Big, Cerrito, Thursday, 7:00
The late 1980s saw a lot of bad comedies about kids magically being turned into adults and vise versa. And yet, one of those comedies came out well: Penny Marhsall’s Big, thanks largely to Tom Hanks’ performance as a boy in a man’s body. I haven’t seen it since it was relatively new, but I remember it fondly. (It also got great reviews.)
Another chance to see
A Moonlight, New Mission, Saturday, noon
Barry Jenkins’ second feature follows a resident of the inner city from childhood to adolescence to young adulthood, examining three stages of his life. Three different actors play Chiron, a young man unsure of his sexuality who must learn to at least appear macho to survive in the tough streets. Mahershala Ali carries the first act as a drug-dealer who is also a gentle and kind father figure. Read my full review. Q&A with producer Andrew Hevia.
A+ Dr. Strangelove, New Parkway, Friday, 10:30pm
A deeply dark, hilarious comedy about the end of the world. General Jack D. Ripper (Sterling Hayden) orders his men to bomb the USSR and start World War III. But have no fear! The men responsible for avoiding Armageddon (three of them played by Peter Sellers) are almost as competent as the Three Stooges. Stanley Kubrick’s “nightmare comedy” reminds you just how scary things were back in the ’60s. Read my Blu-ray review.
A- March of the Penguins, BAMPFA, Saturday, 3:00
Yes, emperor penguins are very cute and extremely funny. Luc Jacquet offers plenty of footage to make you laugh and sigh, but he goes beyond that, showing the tremendous hardships these birds endure to raise their young. No living creatures are as adorable as penguin chicks, which is a good thing considering what their parents go through for them. And Morgan Freeman is the best celebrity narrator since Orson Welles. Part of the ongoing series Movie Matinees for All Ages.
A- A Streetcar Named Desire, Castro, Wednesday
You can see why this film made Marlon Brando a star. His Stanley Kowalski is strong, impulsive, violent, and scary – and you can’t take your eyes off him. You can easily see why his wife Stella (Kim Hunter in another brilliant performance) keeps coming back to him despite the horrible way he treats her (and everyone else). Unfortunately, I can’t give much praise for Vivien Leigh, who goes way over the top with her Blanche DuBois. Read my report.
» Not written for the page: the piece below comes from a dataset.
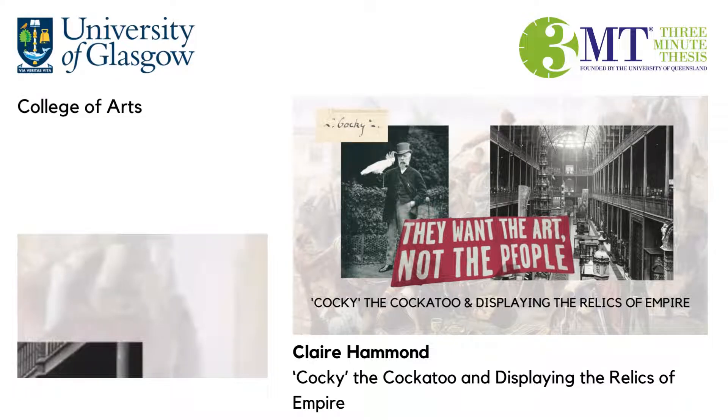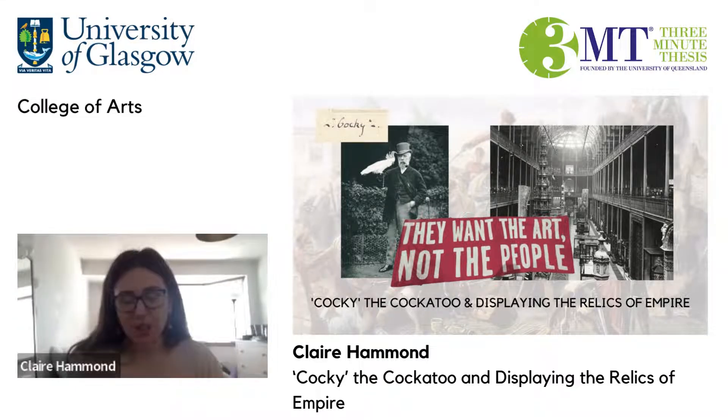Picture this: you're walking around a grand country estate, admiring the art on the walls, the curiosities in the cabinets. Do you ever take a closer look and wonder how on earth they got there? My research looks at collections amassed in Scotland during the height of British imperialism and explores what this tells us more broadly about imperial identity, the treatment of colonised people, and generally our relationship to objects in the past and present.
On a double bill with Clash By Night, which I haven’t seen.
B+ Mad Max: Fury Road, Balboa, Tuesday, 7:30
You have to understand three things about this movie: 1) It’s basically two long motor vehicle chases broken up with short dialog scenes. 2) It’s surprisingly feminist for this sort of movie; the plot involves a woman warrior rescuing a tyrant’s enslaved harem. 3) The title character is basically a sidekick, although we see the story through his eyes. The movie is filled with crashes, weapons, hand-to-hand combat, acts of courage, close calls, and fatal errors. It’s fast, brutal, and for the most part very well-choreographed.